In "replace_all" mode, all data for all mnemonics in the time range of the file is replaced by the content of the file.

UUID Replacement

If a buffer file is imported with a UUID that is already associated with an existing buffer file, the new file is treated as an absolute replacement of the existing file, regardless of file content.

Direct Archive Import

Archive files are imported directly with the STRUCT_ARCHIVE_IMPORT API action, which triggers an immediate mining operation to store, index, and optimize data in XINA databases.

Pros

much higher performance ceiling than server side aggregation
stringent validation ensures data conforms to standard

Cons

more complex initial setup
mnemonic definitions must be pre-defined and cannot be added on-the-fly
mnemonic definitions need coordination between client and server
changes are more complex and likely involve human interaction

Variable-Time Archive Import

With variable-time archive import each archive specifies a custom time range. This is a recommended solution for projects which generate their own archival equivalent (for example, outputting a discrete data set after running a script). Because the time ranges are determined by the source data, the archive database for this approach includes all interval fields as well, to support handling the database as an interval database. It is configured as a multiple-file-per-record structure.

Required Fields

Field	Type	Description
`uuid`	`uuid`	universally unique ID
`p_id`	`int(8)`	primary ID
`s_id`	`int(8)`	secondary ID
`t_start`	`instant(us)`	start time of data in file
`t_end`	`instant(us)`	end time of data in file
`duration`	`duration`	`t_end` - `t_start`
`t_min`	`instant(us)`	earliest time of data in file
`t_max`	`instant(us)`	latest time of data in file
`label`	`utf8vstring(128)`	plain text label
`content`	`utf8text`	extended text / CSV / HTML
`type`	`int(2)`	interval type code
`level`	`int(1)`	level code
`meta`	`jsonobject` (may be `null`)	arbitrary metadata as needed
`format`	`asciivstring(16)`	file format (see below)
`conf`	`jsonobject` (may be `null`)	configuration parameters, depending on `format`

Fixed-Time Archive Import

With fixed-time archive import each archive has a fixed time range. This is a recommended solution for projects which generate a persistent data stream (for example, data sources piped through a FEDS server). Unlike the variable-time archive database, this database is not treated as an interval database, because the time windows are arbitrary. It is configured as a multiple-file-per-record structure.

Required Fields

Field	Type	Description
`uuid`	`uuid`	universally unique ID
`t_start`	`instant(us)`	start time of data in file
`t_end`	`instant(us)`	end time of data in file
`duration`	`duration`	`t_end` - `t_start`
`t_min`	`instant(us)`	earliest time of data in file
`t_max`	`instant(us)`	latest time of data in file
`meta`	`jsonobject` (may be `null`)	arbitrary metadata as needed
`format`	`asciivstring(16)`	file format (see below)
`conf`	`jsonobject` (may be `null`)	configuration parameters, depending on `format`

Source File Formats

Currently there are two natively supported general purpose formats, one using the codes csv/tsv (full documentation here), and a binary format using the code xbin (full documentation here) Additional formats will be added in the future, and custom project-specific formats may be added as needed.
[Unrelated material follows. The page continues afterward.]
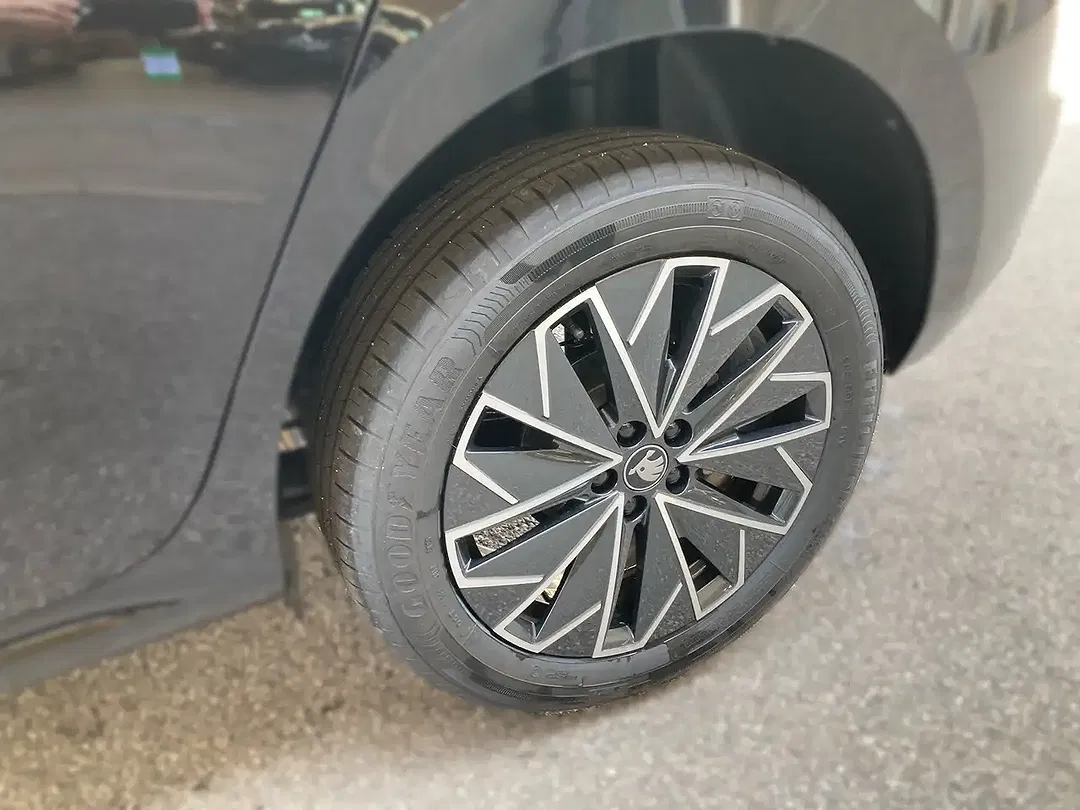 Skoda Kamiq 1.0 TSI DSG - Thumbnail 6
Assumptions and Limitations

Each archive source file is considered the single source of truth for all mnemonics, instants, and intervals for it's associated origin for its time range. This has the following implications:

Archive files with the same origin cannot contain overlapping time ranges. If an import operation is performed with a file violating this constraint the operation will fail and return an error.

Within a single model, each mnemonic may only come from a single origin. Because mnemonics are not necessarily strictly associated with models, and the source may vary between models, this cannot be verified on import and must be verified on the client prior to importing data.